– Да, так и есть, но они не выжили. Ты оказался первым на ком удалось воплотить все задумки моего гения. Благодаря тебе, и конечно же твоему другу, компания решилась на начало запуска технологии в серию.
– Мне противны Ваши оправдания. Я лишь хочу знать, что Вы сделали с Михаилом и почему именно мы? – стоял на своём Егор, направив ствол пистолета в лицо Станиславского.
– Нельзя просто так пересадить кожу от одного к другому, должно совпасть много факторов. Это очень сложный процесс.
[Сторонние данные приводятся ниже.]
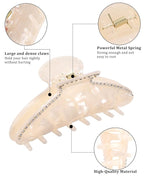 HAIMEIKANG Large Acetate 4 Inch Hair Claw Clip for Women - French Style Hair Claws for Thick Hair with Non-Slip Teeth, Hair Accessories for Updos, Buns & Ponytails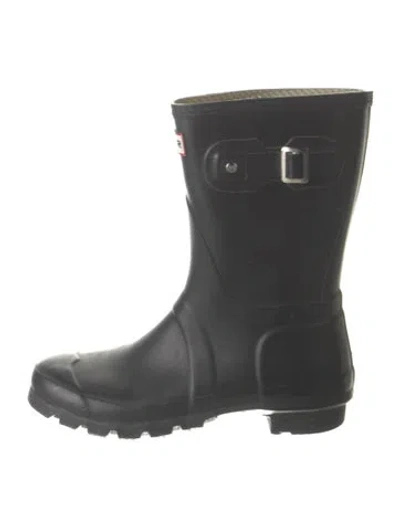 Pre-owned Hunter Rubber Rain Boots In Black
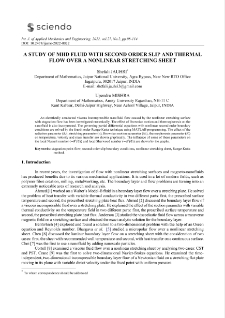 A study of mhd fluid with second order slip and thermal flow over a nonlinear stretching sheet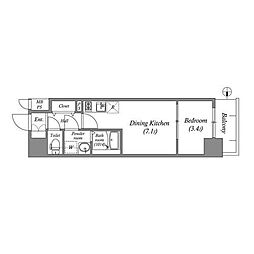 名古屋市中区金山3丁目マンション 1DKの間取図画像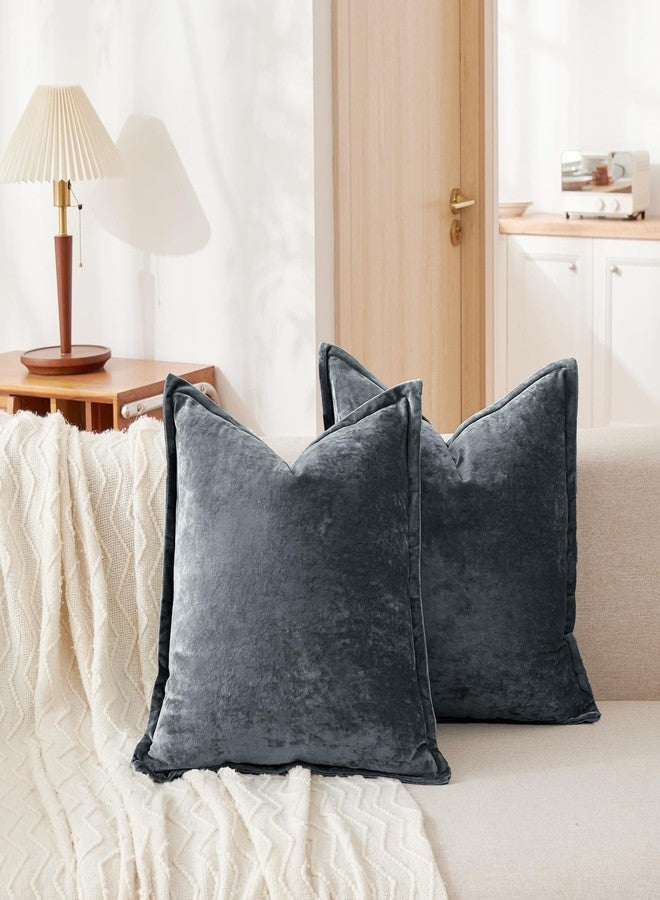 COCOPLOCEUS Luxurious Velvet Euro Shams Decorative Throw Pillow Covers 26x26 Set of 2 Solid Square Euro Pillow Shams for Sofa Couch Bedroom, Blue Gray - Image 1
И к тому же, у нас почти не было времени. Нужно было спасти тебя! Это был сложный выбор, но я сделал то, что должен был. Пойми наконец…
Краем глаза Егор проследил куда тянуться кислородные трубки. Подобно лианам они переплетались и уходили высоко под потолок овивая огромный резервуар, одновременно являющийся перекрытием и несущей стеной комплекса.
Подойдя вплотную к хирургическому аппарату, который продолжал безучастно выполнять свою жуткую функцию, Егор заглянул внутрь, а затем перевёл взгляд на перепуганного доктора.
– Мишку так же? – холодным тоном бросил он.
– Жалкий идиот, ничего ты не понял! – воскликнул Станиславский и вскинул пистолет.
Громыхнул выстрел, но на том месте куда попала пуля, Егора уже не оказалось. Ответного выстрела тоже не последовало. Кувырок и удар локтём в самую переносицу были столь стремительными, что доктор даже не успел опомниться и нажать второй раз на спусковой крючок. Нос хрустнул, а из глаз Станиславского полились слёзы. Ещё один удар в подбородок напрочь отбил желание сопротивляться. Пистолет звонко упал на бетонный пол.
– Аааа, ты сломал мне нос, – простонал доктор, пятясь назад не разбирая дороги.
– Ты ошибся, я понял всё и даже чуточку больше! – с этими словами он ударил Станиславского в живот и тот повалился на конвейерную ленту, столкнув лежащую на этом месте девушку.
Бездушному роботу оказалось совершенно непринципиально на ком выполнять свою рутинную работу. Пилы загудели, упиваясь процессом. Кровь учёного брызнула во все стороны. Он извивался пытаясь увернуться от очередного смертоносного диска, рвавшего кожу на неровные лоскуты.
– Нет… – донеслось последний раз из недр страшной машины и та, выдав ошибку, затихла.
Тело самого Станиславского теперь больше напоминало куски искромсанного мяса, перемешанного с собственными испражнениями.
Егор опустился на пол и заплакал. Внутри не чувствовалось ощущение победы или справедливости. Только боль и страх усилились и углубились в самое нутро его израненной души. Он до сих пор не мог поверить, что человечество способно на подобные шаги, оправдывая их высшей целью.